El viraje de Santini en 2009 fue no tanto por los residentes de Santa Rita sino por los complejos residenciales que el alcalde pretende traer a Río Piedras, en la óptica “Río 2012″, y empezando por el multipisos Santa Rita Apartments. En 2012, terminando su tercer cuatrienio, el Municipio asumió la defensa de los residentes de Santa Rita en una acción judicial dirigida a revocar los permisos de las barras de los antiguos aliados del alcalde en la Avenida Universidad. La estrategia nada ingenua tuvo el efecto de neutralizar las denuncias y militancia de los residentes de Santa Rita, quienes de repente encontraron un poderoso aliado que les facilitó abogados y recursos periciales. Sin embargo, las vistas se pospusieron y pospusieron, y llegaron las elecciones y todavía el caso no se ha visto…… Ni antes ni ahora el alcalde ha promovido las soluciones intermedias que armonicen los intereses de residentes, estudiantes y comerciantes; sólo lo que convenga a su estrategia particular, ahora de “redesarrollo”.

Para concluir: San Juan no se merece a Jorge Santini. San Juan no se merece a un alcalde que sólo reconoce alcahuetes o enemigos; que no escatima en lanzar mentiras e insultos; que tiene cero tolerancia a la crítica; que pretende inmiscuirse en las organizaciones comunitarias pero no reconoce el derecho ciudadano a la información; que dispara insultos pero no sabe recibir críticas; que solapa tras su violencia verbal la violencia física.
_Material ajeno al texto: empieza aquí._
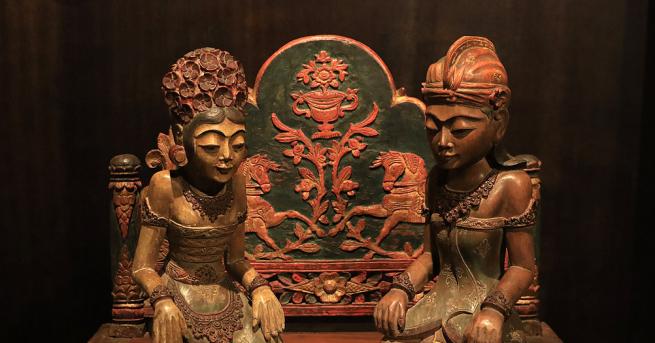 Живопис скулптура текстил бижута и артефакти от най големия архипелаг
Estos rasgos de personalidad política no son exclusivos a él, pero Santini los ha llevado a un nivel de perfección e intensidad digno de estudio. Santini incluso se aparta de muchos alcaldes que tienen un patrón político más conciliador y tolerante; después de todo, los alcaldes del país, con conocidas excepciones, tienen en general mejor imagen que los legisladores.
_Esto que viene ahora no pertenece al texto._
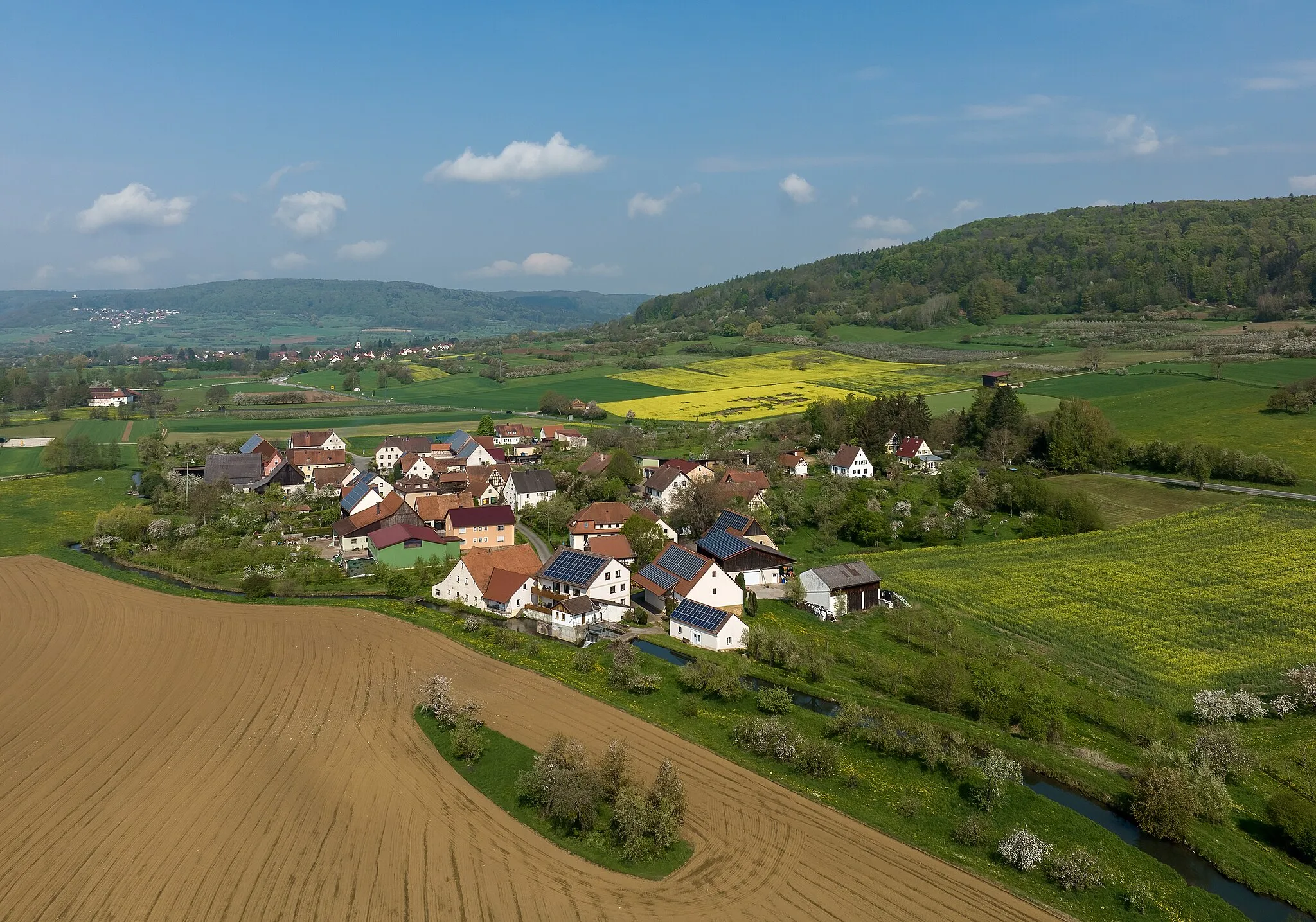 Photo showing: Lützelsdorf  in Franconian Switzerland, aerial view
Un gobierno municipal debe ser lo más directo posible en su comunicación con los ciudadanos y en su estructura misma. La autonomía municipal no es sólo para los alcaldes, es también para los sectores que componen un municipio. En una ciudad grande como San Juan, las  minialcaldías por sector –particularmente en  los centros urbanos– tienen un rol importante a jugar en todos los ámbitos y deben tener mayor flexibilidad para atender asuntos locales. En la Legislatura Municipal, la representación debe ser por sectores del municipio, quizá un representante comunitario por precinto en una Legislatura Municipal ampliada. Una disposición al diálogo debe ser la norma en todos los niveles municipales, la colaboración con organizaciones sin fines de lucro y con universidades pan de todos los días. La tónica la sienta el alcalde o alcaldesa, su equipo de trabajo y la Legislatura Municipal… que tiene que ser una de presencia y relieve.

Nada de esto se podrá lograr bajo  una administración  del alcalde Santini.

Vote por el candidato o la candidata a la Alcaldía que prefiera y no vote por ningún otro candidato si así le place; o no vote, si antes votó por Santini; o móntese en tribuna, haga un piquete,  indígnese por las redes sociales o váyase topless. Haga lo que quiera, con el método que desee; pero si es una ciudadana o ciudadano consciente, tiene ahora mismo una gran responsabilidad: Stop Santini.